The cultural outcome of this is that if ideas of reason, rational action, science and progress are finished, and if the human culture and consciousness formed by those ideas is dangerous and destructive, then the only alternative can only be return to the pre-modern. This is, for me, the cultural driver for the current revival of the sacred and the mystical in art. The ideas of the counterculture, which lived at the edges of mainstream Western culture for decades, have finally taken over. Magic replaces science, belief replaces knowledge, ritual replaces rational action. And at the same time, the idea of the distinctly human subject, a being which is qualitatively different in its capacity and potential from the rest of nature, is dismissed as hubris – the current fashion is to talk of how we are ‘intertwined’ with ‘non-human entities’ who have as much agency as we humans do, and who have their own forms of knowledge, their own form of consciousness, and so on. We are not human subjects any more, but rather objects, much like any other, the product of networks and forces of nature we have little capacity to influence.

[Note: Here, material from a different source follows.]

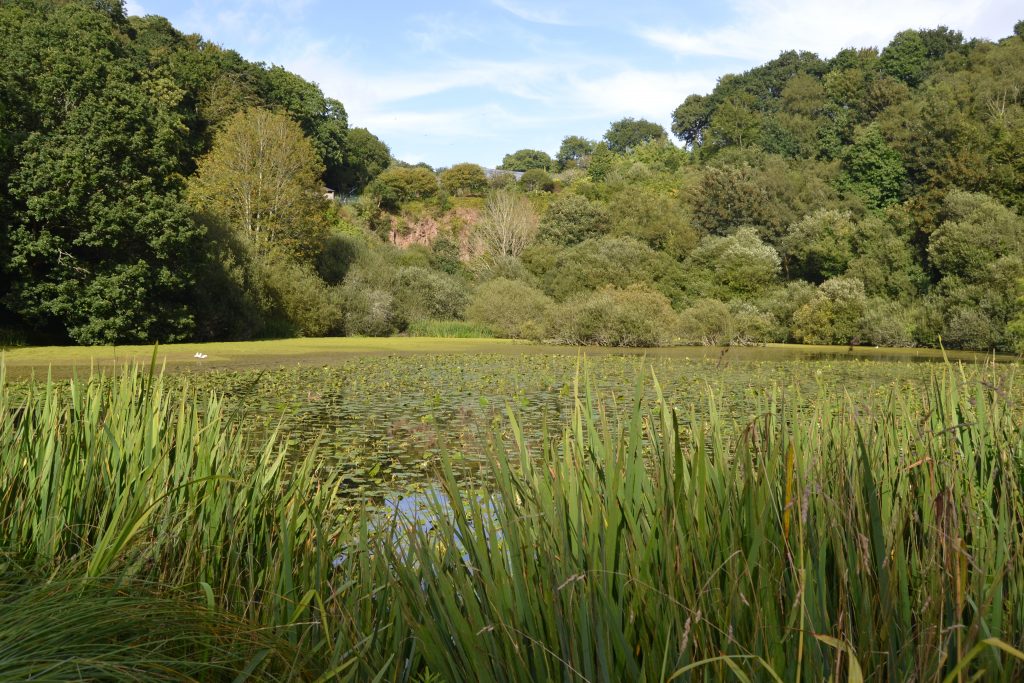 Photo d'un étang qui se trouve dans le Conservatoire National Botanique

We can see how the critique of ‘anthropocentrism’ of recent years is really a critique of a human subject and society that puts itself above nature, and which seek to shape and modify nature for its own ends. Those forms of consciousness which seek to ‘be at one’ with the natural order are now more culturally acceptable that this anthropocentric view of human beings. Think of the kind of Hollywood mysticism found in James Cameron’s 2009 movie Avatar – the colonising, technologically driven, acquisitive, warlike humans are faced with an indigenous (alien) culture which is psychically connected to the planet it inhabits. This vision was already acceptable in 2009, now it has become a kind of orthodoxy.
We can see that this view of a dominating, expansive society is one which is however exhausted of any meaning. Why do we continue like this? Our contemporary moment seems to have no answer to this. It has run out of a sense of its own purpose, it has run out of energy. In this moment artists, just like the rest of us, turn to forms of enchantment to put meaning back into the terminus of our modernity.